3.8 ondergrondse bouwdiepte van een bouwwerk

vanaf het peil tot het diepste punt van het bouwwerk, de fundering niet meegerekend.

3.9 aanvullende meetbepalingen
3.9.1 ondergeschikte bouwonderdelen

bij de toepassing van het bepaalde ten aanzien van het bouwen worden ondergeschikte bouwonderdelen, als plinten, kozijnen, gevelversieringen, ventilatiekanalen, liftschachten, gevel- en kroonlijsten, luifels, balkons en overstekende daken buiten beschouwing gelaten, mits de overschrijding niet meer dan 1 meter bedraagt.

Hoofdstuk 2 Specifieke regels over functies

Artikel 4 Wonen

4.1 Toepassingsbereik

De regels van dit artikel zijn van toepassing op de locatie die in het GML-bestand met identificatienummer NL.IMRO.0225.TAMhorKloosterwg28-2402 is aangewezen voor het gebruiksdoel Wonen.

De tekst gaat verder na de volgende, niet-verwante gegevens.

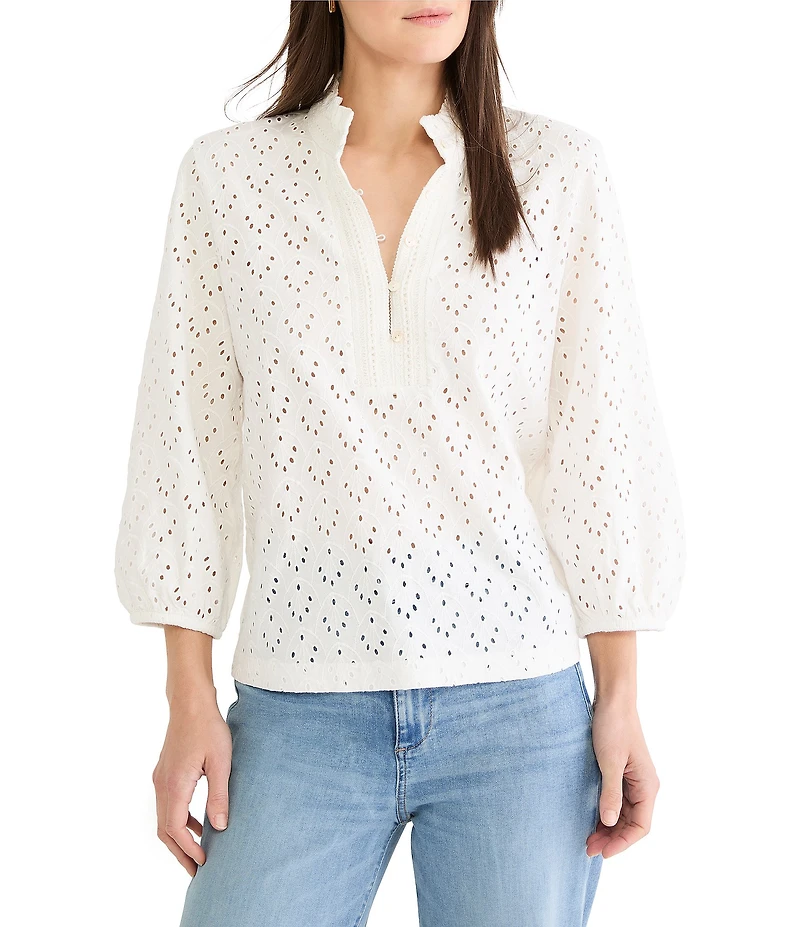 NIC + ZOE Knit Eyelet Banded Collar Ruffle Neck 3/4 Sleeve Top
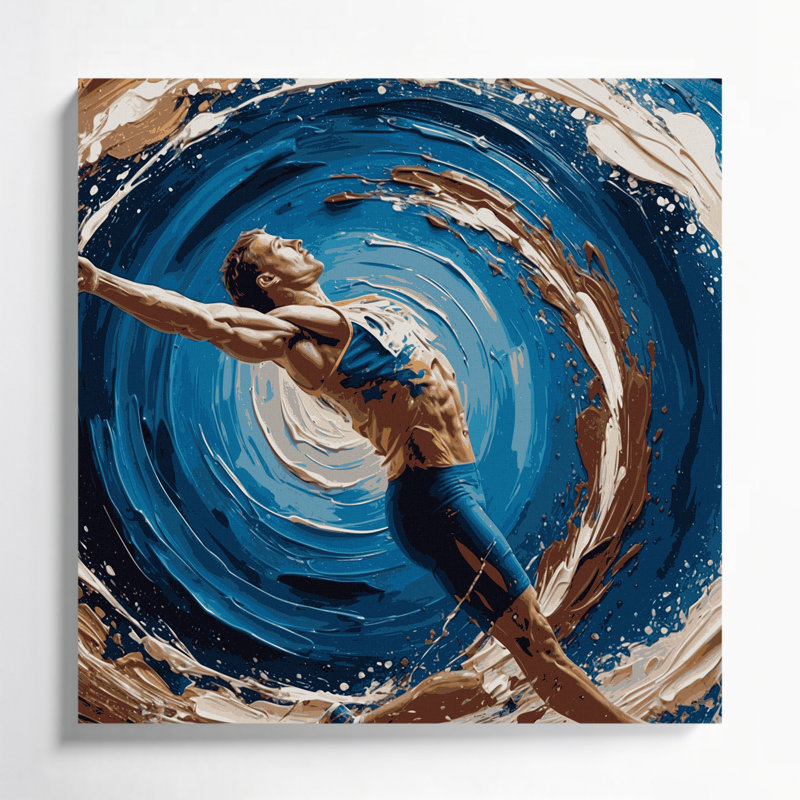 Art mural sur toile gris Sports Javel, H 16 po x l 16 po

4.2 Functieomschrijving Wonen
4.2.1 Algemeen

Een locatie die is aangewezen voor het gebruiksdoel Wonen heeft de volgende functies:

  • a. wonen;
  • b. watergangen en andere waterpartijen, waterhuishoudkundige voorzieningen, oevers en taluds;
  • c. vrije beroepen;
  • d. paardenbakken.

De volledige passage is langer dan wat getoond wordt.